Milo nahm die obersten zehn Seiten seines Manuskripts, riss sie einmal durch und warf sie in den Papierkorb. Dann schraubte er seinen Füller auf und begann zu schreiben.

Tessa war auf dem Rückweg nach London sehr schnell gefahren und deshalb nur mit einer Dreiviertelstunde Verspätung zu ihrer Verabredung mit Paddy Collison gekommen. Nach dem Essen hatten sie noch etwas getrunken, dann war ein halbes Dutzend Freunde zu ihnen gestoßen und sie waren alle zusammen in ein Nachtlokal am Piccadilly gegangen.

Jetzt war es drei Uhr morgens, Tessa, der es drinnen zu heiß geworden war, stand draußen im Hof und rauchte eine Zigarette. Andere Frauen hätten so einen Abend im Kreis von zwei oder drei verflossenen Liebhabern und diversen Verehrern vielleicht schwierig gefunden, Tessa genoss so etwas. Ihr gefiel es, wenn ihre Liebhaber es sahen wie sie, dass die Liebe ein reizvolles und spannendes Spiel war und nicht allzu ernst genommen werden durfte.
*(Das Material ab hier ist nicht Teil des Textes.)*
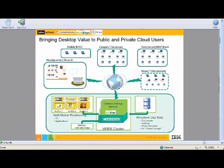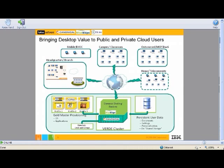Here we're looking at the architecture. Focus on the middle of the slide which says Verde cluster — you see it running on a cluster of Canonical Ubuntu servers, with the Virtual Bridges infrastructure on top. To the right, you see the user's persistent data, and to the left, Gold Master Provisioning. This is a very unique capability of the Virtual Bridges Verde product. You set up a number of profiles — a Gold Master with IBM Client for Smart Work on top of Windows, or Windows 7 if required, and it will coexist. When you authenticate to this middle server, on the fly we combine the Gold Master with the user's data to create a unique session.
Aus diesem Grund waren die Männer, mit denen sie ins Bett ging, meistens älter als sie. Raymond Leavington, zum Beispiel, war dreiunddreißig gewesen, Tessa fünfzehn Jahre voraus, als er ihr Liebhaber geworden war. Sie hatte ihn kurz nach ihrem Abgang von der Westdown-Schule kennengelernt, als sie nach London übergesiedelt war und ihre Karriere als Mannequin und Fotomodell gestartet hatte.
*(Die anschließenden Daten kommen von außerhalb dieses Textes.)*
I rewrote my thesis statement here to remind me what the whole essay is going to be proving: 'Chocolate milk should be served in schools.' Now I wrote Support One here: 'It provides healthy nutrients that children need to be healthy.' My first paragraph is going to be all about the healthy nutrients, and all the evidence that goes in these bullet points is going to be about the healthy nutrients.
Mit Ray, damals unglücklich verheiratet mit seiner zweiten Frau Diana, war sie sechs Monate zusammen gewesen. Tessa wusste, dass viele den Stab über sie brechen würden, weil sie etwas mit einem verheirateten Mann angefangen hatte, aber sie hatte ein reines Gewissen. Sie legte es nicht darauf an, glücklich verheiratete Männer zu verführen. Sie legte es überhaupt nicht darauf an, zu verführen. Sie sah sich nicht als männermordenden Vamp, sie war einfach Tessa. Es wäre unaufrichtig von ihr gewesen, so zu tun, als wüsste sie nicht, dass Männer sich zu ihr hingezogen fühlten, und als gefielen ihr ihre Nachstellungen nicht, aber sie überließ die Rolle des Jägers ihnen. Sie stellte stets von Anfang an klar, dass sie nicht an einer dauerhaften Beziehung interessiert war. Sie wollte sich nicht binden. Natürlich wusste sie, dass so eine Affäre nicht ohne Risiko war, und versuchte immer vorsichtig zu sein. Trotzdem hatte sie ein paar Mal einen Riesenschrecken bekommen, weil sie glaubte, schwanger zu sein, aber zum Glück war sie mit dem Schrecken davongekommen.